What later/now means to the Brewers is a collection of organizational talent that ESPN’s Keith Law ranked next-to-last in baseball before the start of this season. Leading his Brewers wrap, Law wrote: “This system has one top-100 prospect and a lot of back-end starters or probable relievers.” Cashing in a dump truck full of highly rated prospects to make go-for-it trades played a big role in downgrading Milwaukee’s farm system. But so, too, did a talent drain of another sort: an exodus of highly regarded scouts.
I compared the Packers, which have mostly been successful in player evaluation, to the Brewers here last week. After good work by Brewers scouts before the departure of Zduriencik (to become general manager in Seattle) and others, what followed?
Though drafts can take years to bear fruit, the industry consensus is that Milwaukee has fared very poorly in their drafting for the past few years, even after adjusting for the Brewers picking later than they did when the team was a perennial loser. The 26th overall pick in 2009, Indiana University pitcher Eric Arnett, isn’t going to make it to the Show. The Brewers’ top pick in 2010, right-hander Dylan Covey, was about to sign when a physical revealed he had diabetes; he went to college instead and ended up getting drafted later by the A’s. Blessed with both the 12th and 15th overall picks in 2011 after the Covey snafu, Milwaukee picked Texas right-hander Taylor Jungmann and Georgia Tech lefty Jed Bradley. With a minor league pipeline that sorely lacked upper-tier pitching talent, Jungmann and Bradley seemed like exactly what the Brewers needed, two polished college products who’d move quickly through the rotation and hopefully make an impact in the big leagues within two or three years, if everything broke right. It hasn’t worked out that way. Jungmann has been serviceable, posting a combined 3.55 ERA over the past two seasons in high Class A and Double-A ball … but with a weak strikeout rate of less than six batters per nine innings. That still beats Bradley, who posted a 5.02 ERA during that same span.

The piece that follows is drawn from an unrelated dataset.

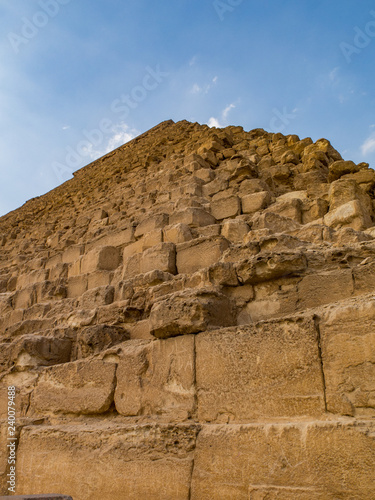 Looking up at the great pyramid of Khafre against a blue sky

A handful of players from those drafts have made it to the majors, including Fiers, Hiram Burgos, Scooter Gennett, and Tyler Thornburg. But no one from the 2009-2011 drafts projects as an impact player of any kind, with doubts about whether any of them can even mature into an effective big league regular on a winning team — the organization’s affection for Gennett notwithstanding.
So what’s next? Trade away every good player?

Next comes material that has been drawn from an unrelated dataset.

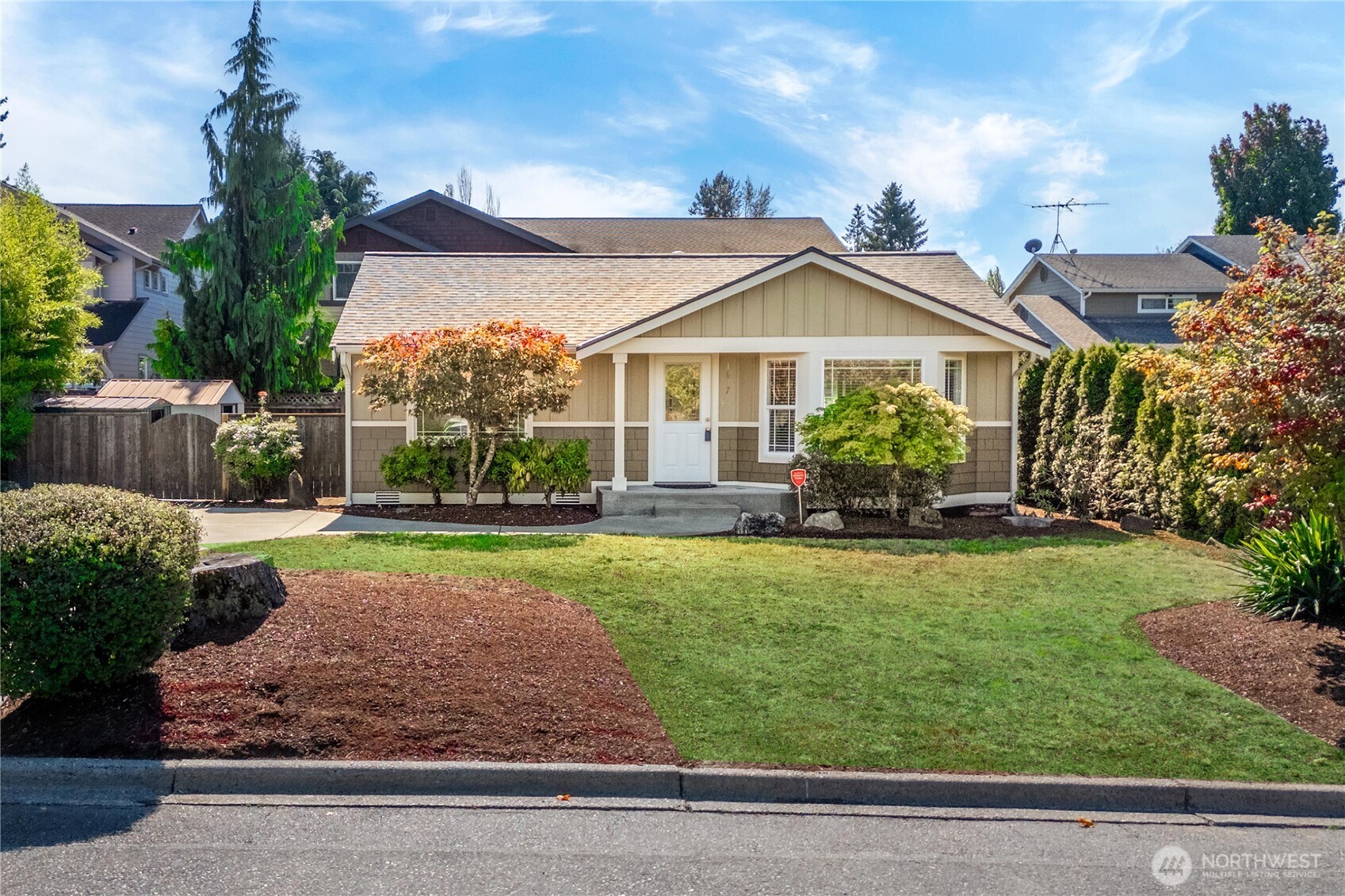 1617 Northeast 28th Street Renton, WA 98056 - Photo 3 of 33 a front view of a house with a yard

“Do we take a step back [to replenish the talent pool]?” Melvin asked. “We have to realize where we are right now. If you don’t realize it, you could end up in the middle, then it becomes a four- or five-year project. If you have the patience to step back a bit, the stomach for it, it can be worth it.”
From a baseball standpoint only, Melvin’s point of view makes sense. Maybe accepting a truly lean year or two now sets the Brewers up for a quicker and more robust recovery once the pitching staff has been built back up and the team is ready to contend again. But it’s never about baseball only, not for any team, and certainly not for a revenue-limited team that’s also owned by a shrewd and aggressive owner like Mark Attanasio. The Brewers have one of the weakest local TV deals for any team. That makes the momentum in attendance and general interest that the Brewers have built up over the past few years so vital to the team’s success.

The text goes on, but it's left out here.